I drink plenty of water aswell. Im wondering if im doing the right thing with all the tuna.

Thanks


----------



## big (Sep 14, 2004)

What are your stats and goals?

You need some good fats in there no matter what your goals are, and more and better carbs (if your goals are bulking).

Meals that state "some kind of food", or "could be anything" generally means you're eating cheat food twice a day... which is never good.


----------



## supafly (Jan 23, 2005)

My goal is bulking.

its not anything. i try to stick to meats and good stuff.

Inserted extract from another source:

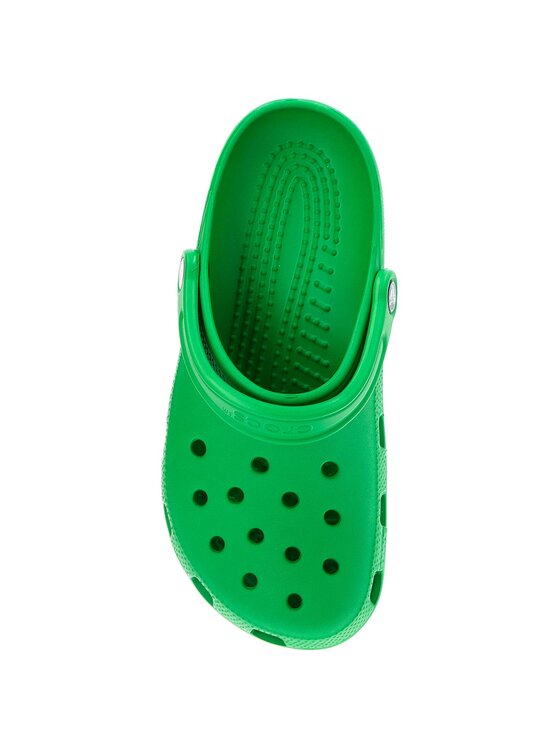 Crocs Шльопанці Crocs Classic 10001 Зелений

what carb foods do you recommend?


----------



## big (Sep 14, 2004)

supafly said:


> My goal is bulking.
> 
> its not anything. i try to stick to meats and good stuff.
> 
> what carb foods do you recommend?


Anything low GI, like oats (the best!), veggies, rice, some pastas etc.


----------



## winger (Jul 26, 2003)

Stick with the green veggies.


----------



## supafly (Jan 23, 2005)

big, you just reached 1000 posts.



> Anything low GI, like oats (the best!), veggies, rice, some pastas etc.


What wouldnt take too long to prepare? like with tuna, i just eat straight out of the tin.

How do you have the oats, what with?

Whats "GI"?

Cheers


----------



## big (Sep 14, 2004)

supafly said:


> big, you just reached 1000 posts.


LOL yep, I should get out more! 



> What wouldnt take too long to prepare? like with tuna, i just eat straight out of the tin.


I take the oats in my breakfast shake on carb days... I just blend them up. You can mix them with milk and cook as porridge too.

Meals can take time to prepare - most people on here make them all up for the whole week in one day and take them to work/school in tuppaware boxes.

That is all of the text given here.